-- Source data follows --

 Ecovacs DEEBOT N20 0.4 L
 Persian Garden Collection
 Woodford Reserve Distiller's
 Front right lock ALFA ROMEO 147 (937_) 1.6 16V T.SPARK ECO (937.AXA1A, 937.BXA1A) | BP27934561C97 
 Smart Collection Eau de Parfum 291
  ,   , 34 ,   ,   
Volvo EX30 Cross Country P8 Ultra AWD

-- Source data concluded --
-- Source data follows --

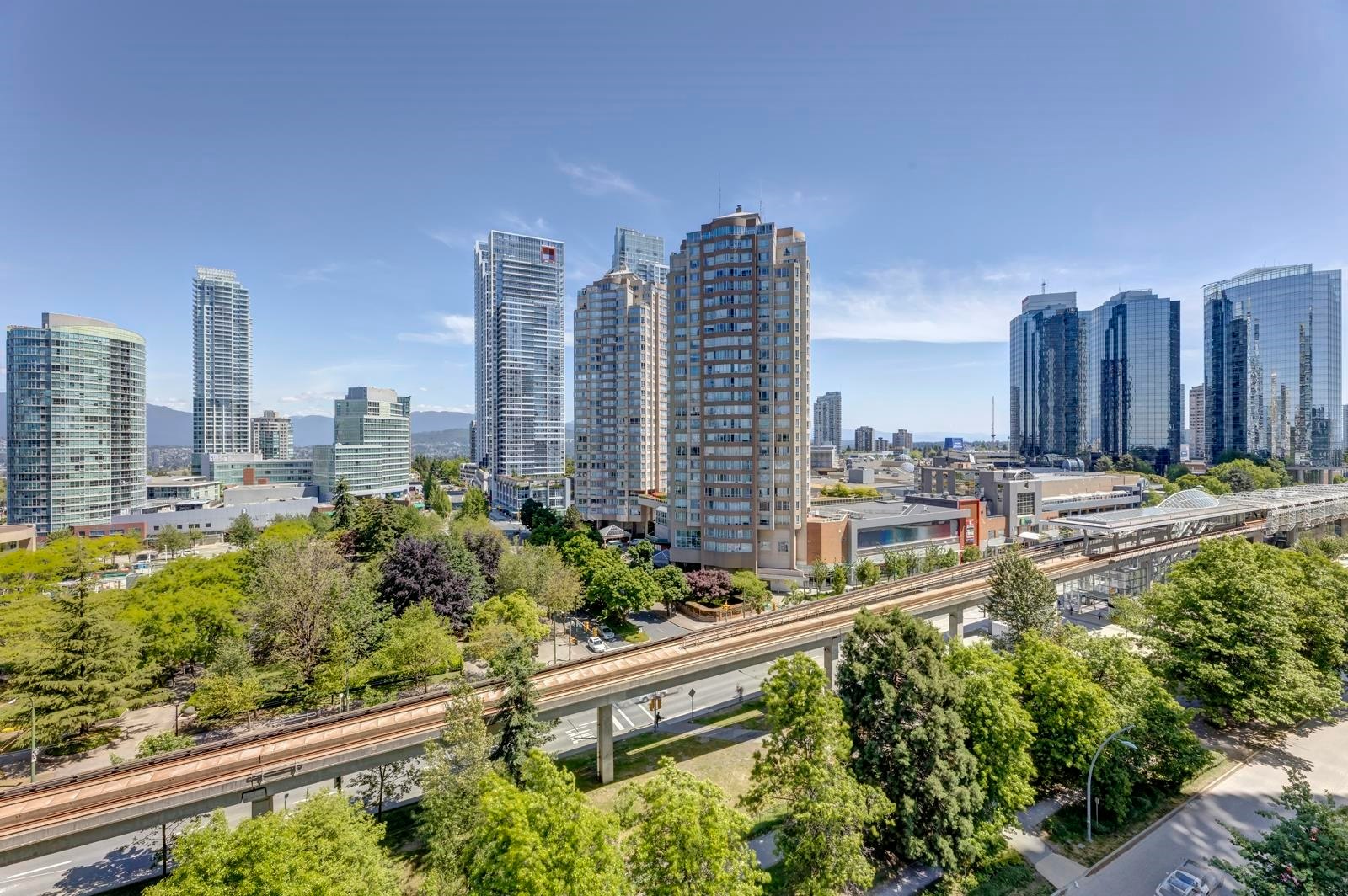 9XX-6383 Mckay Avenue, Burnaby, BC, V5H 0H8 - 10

-- Source data concluded --
-- Source data follows --

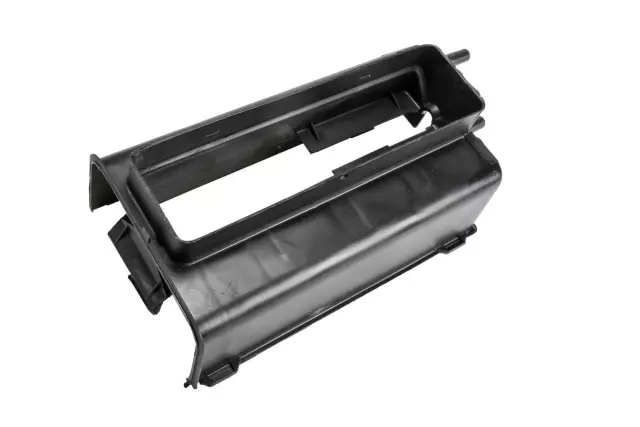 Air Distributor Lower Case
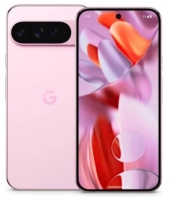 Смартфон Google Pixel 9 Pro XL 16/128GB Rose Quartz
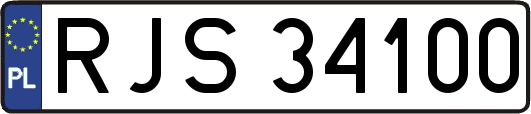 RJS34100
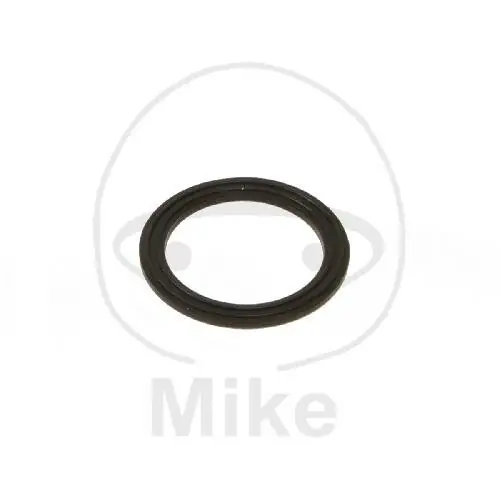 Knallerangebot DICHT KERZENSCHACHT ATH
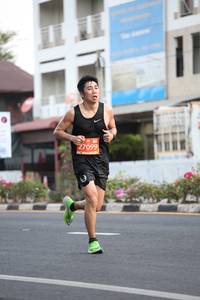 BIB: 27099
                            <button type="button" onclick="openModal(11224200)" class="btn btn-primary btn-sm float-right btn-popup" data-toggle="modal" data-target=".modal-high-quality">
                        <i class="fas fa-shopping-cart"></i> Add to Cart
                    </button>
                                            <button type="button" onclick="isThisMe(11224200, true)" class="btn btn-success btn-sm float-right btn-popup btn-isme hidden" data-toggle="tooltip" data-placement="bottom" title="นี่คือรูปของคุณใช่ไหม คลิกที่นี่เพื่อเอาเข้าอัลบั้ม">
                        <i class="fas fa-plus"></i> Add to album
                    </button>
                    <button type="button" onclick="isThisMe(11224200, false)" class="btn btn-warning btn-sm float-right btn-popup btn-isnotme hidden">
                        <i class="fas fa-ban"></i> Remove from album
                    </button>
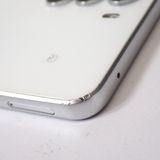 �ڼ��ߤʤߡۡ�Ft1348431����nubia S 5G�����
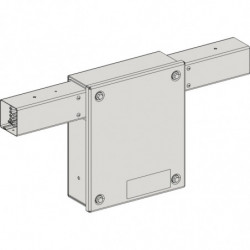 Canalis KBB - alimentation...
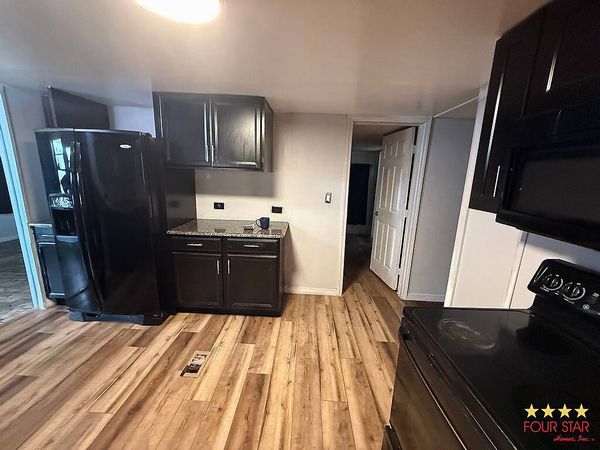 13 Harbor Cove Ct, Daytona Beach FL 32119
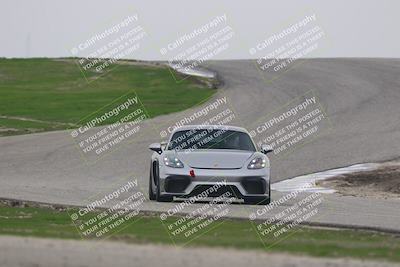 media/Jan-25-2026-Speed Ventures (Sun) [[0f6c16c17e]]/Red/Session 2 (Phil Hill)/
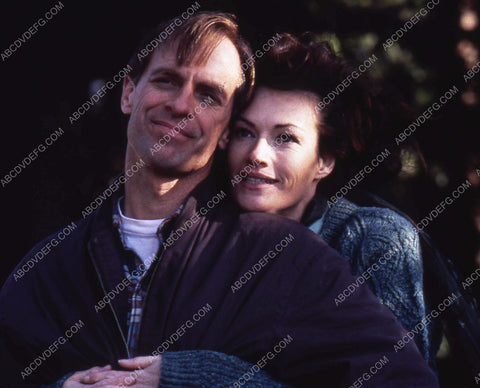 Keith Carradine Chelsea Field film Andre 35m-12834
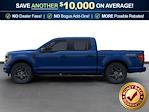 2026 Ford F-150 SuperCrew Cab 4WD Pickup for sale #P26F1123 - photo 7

-- Source data concluded --

What you should do:
Which lines above hold the string "class"? Copy every one of them.

Exercise response:
                            <button type="button" onclick="openModal(11224200)" class="btn btn-primary btn-sm float-right btn-popup" data-toggle="modal" data-target=".modal-high-quality">
                        <i class="fas fa-shopping-cart"></i> Add to Cart
                                            <button type="button" onclick="isThisMe(11224200, true)" class="btn btn-success btn-sm float-right btn-popup btn-isme hidden" data-toggle="tooltip" data-placement="bottom" title="นี่คือรูปของคุณใช่ไหม คลิกที่นี่เพื่อเอาเข้าอัลบั้ม">
                        <i class="fas fa-plus"></i> Add to album
                    <button type="button" onclick="isThisMe(11224200, false)" class="btn btn-warning btn-sm float-right btn-popup btn-isnotme hidden">
                        <i class="fas fa-ban"></i> Remove from album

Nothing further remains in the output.